Les personnes inaptes ont aussi droit au bonheur

En réaction au texte «Autiste "institutionnalisé"... en prison», paru le 1er septembre
Depuis mon entrée en poste comme curateur public en 2013, j'ai rencontré de nombreuses personnes inaptes. J'ai été témoin de leurs joies, de leurs réussites, mais aussi de leurs difficultés et, parfois, de leur détresse. J'ai également constaté que les gens qui les entourent, qu'il s'agisse de mon personnel, des intervenants du réseau de la santé et des services sociaux, des responsables de ressources ou de leurs proches, sont dévoués et soucieux du bien-être de ces personnes vulnérables. Mais parfois, il faut bien le dire, malgré toute la bonne volonté du monde, il est difficile pour ces personnes de vivre harmonieusement dans leur communauté.
Il n'y a pas de portrait type de l'inaptitude. Certaines personnes vivent avec une déficience intellectuelle, d'autres avec une maladie dégénérative ou un traumatisme crânien. Plusieurs sont aux prises avec des problèmes de santé mentale.

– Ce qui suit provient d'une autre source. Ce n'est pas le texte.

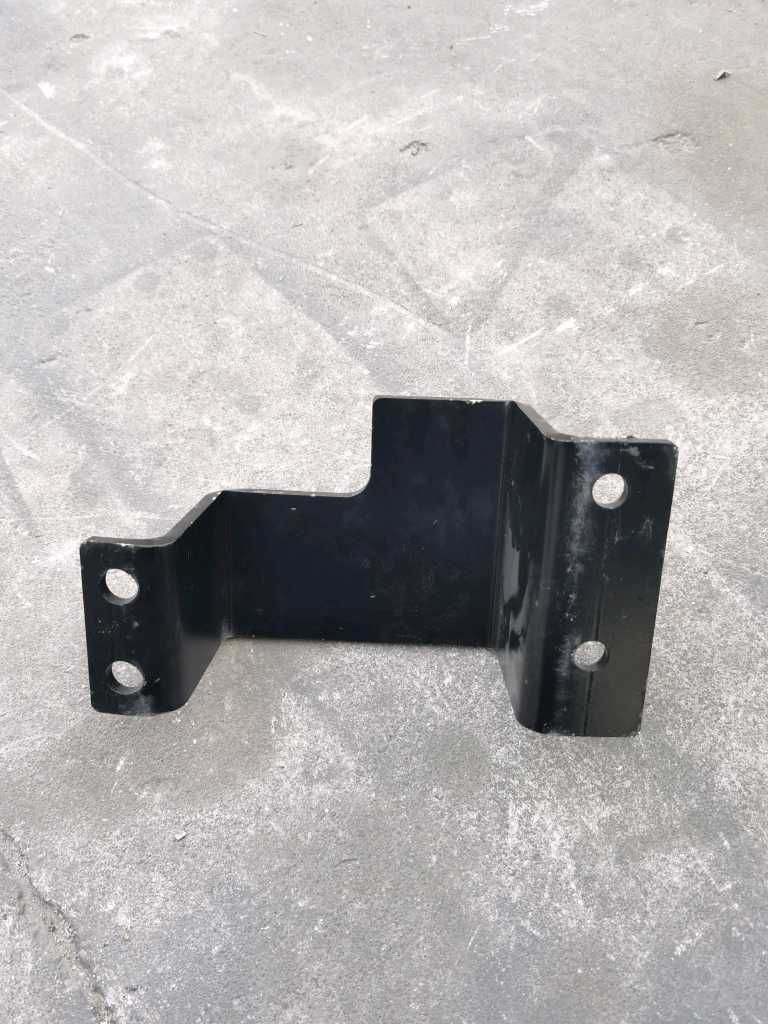 后悬连接支架，驾驶室减震图3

Malgré leurs limites, malgré leurs pertes cognitives, de nombreuses personnes inaptes mènent une vie active. Elles oeuvrent dans des plateaux de travail, elles participent à des activités, elles fréquentent des organismes, elles font leurs courses, elles visitent des amis, etc. 

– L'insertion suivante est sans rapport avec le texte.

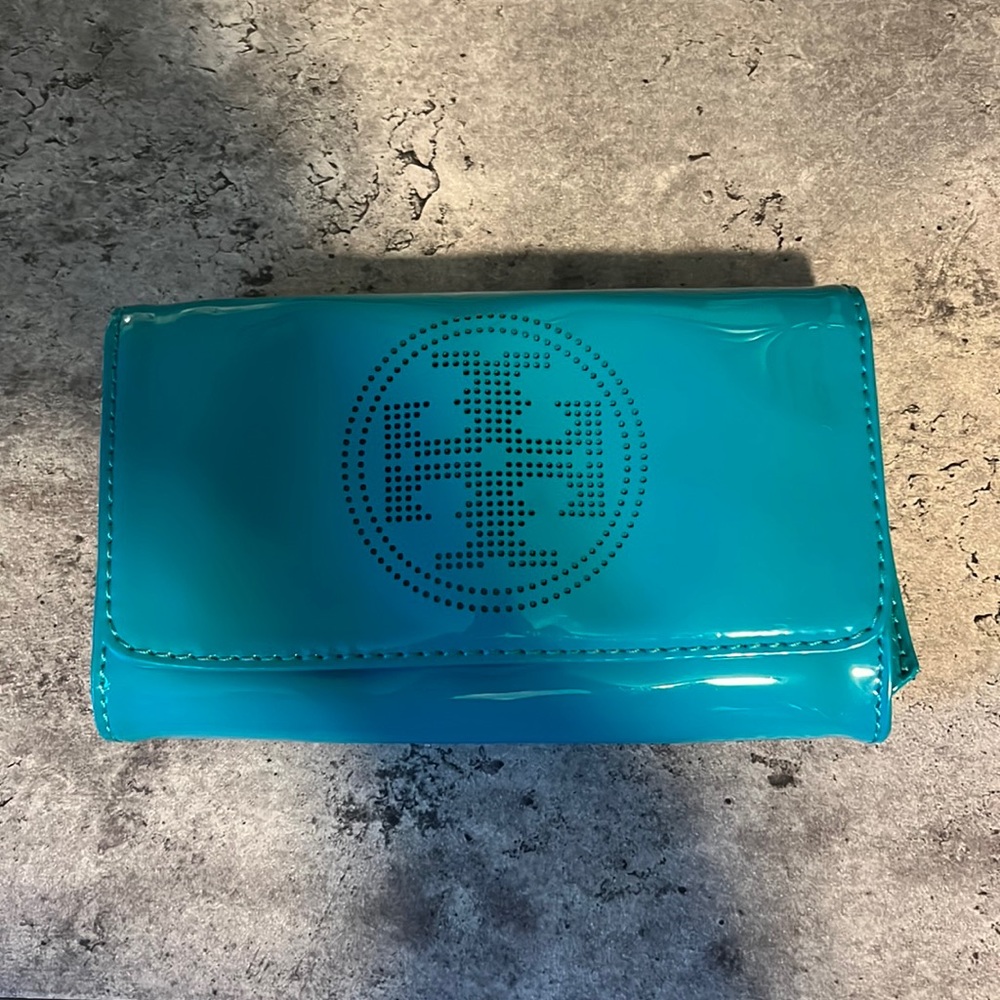 Tory Burch patent leather crossbody/clutch - SO CUTE!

Mais parfois, tout dérape. Il arrive, comme le relatait la journaliste Isabelle Mathieu, qu'une personne ne semble trouver sa place nulle part. Que ses problèmes soient si lourds qu'elle ne puisse plus être accueillie dans une ressource. Ou que son comportement imprévisible mette en péril sa propre sécurité ou celle d'autrui. Souvent malgré elle, une personne inapte peut repousser ceux qui veulent l'aider, refuser les mains tendues, commettre des délits et, même, être emprisonnée.
Trouver la stabilité
Nous travaillons sans relâche à trouver la ressource la plus appropriée pour les personnes en difficulté afin qu'elles puissent connaître la stabilité. Mais certaines de ces personnes veulent sans cesse fuguer, préfèrent la rue, même en hiver, et le processus doit être recommencé.
Les personnes inaptes ont elles aussi droit au bonheur, à la dignité et au maximum d'autonomie possible. 

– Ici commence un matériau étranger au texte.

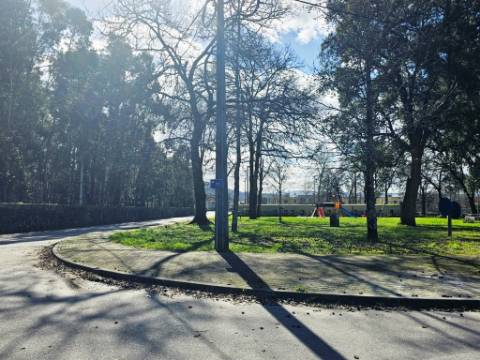 Moradia T5, piscina, e armazém, em Novais, Famalicão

Intervenir de la bonne manière lorsqu'une personne inapte est désorganisée n'est pas une mince tâche. Le personnel du Curateur public, comme tous ceux qui se soucient du bien-être d'une personne inapte, vivent parfois des découragements et, même, des échecs.
C'est vrai, le chemin peut être parsemé d'embûches. Mais nous ne baissons pas les bras devant ces situations à l'issue parfois incertaine. Nous continuons à chercher des solutions, des ressources, du soutien de concert avec les familles et les intervenants.
Je suis conscient qu'il n'y a pas de remède miracle ni de solutions simples à une réalité très complexe. Mais je refuse de perdre espoir. J'ai en tête tant d'exemples de personnes heureuses et fières de leurs succès. Je suis intimement convaincu qu'il faut, en tant que société, travailler à entourer le mieux possible ces personnes qui comptent parmi les plus vulnérables. C'est un devoir collectif.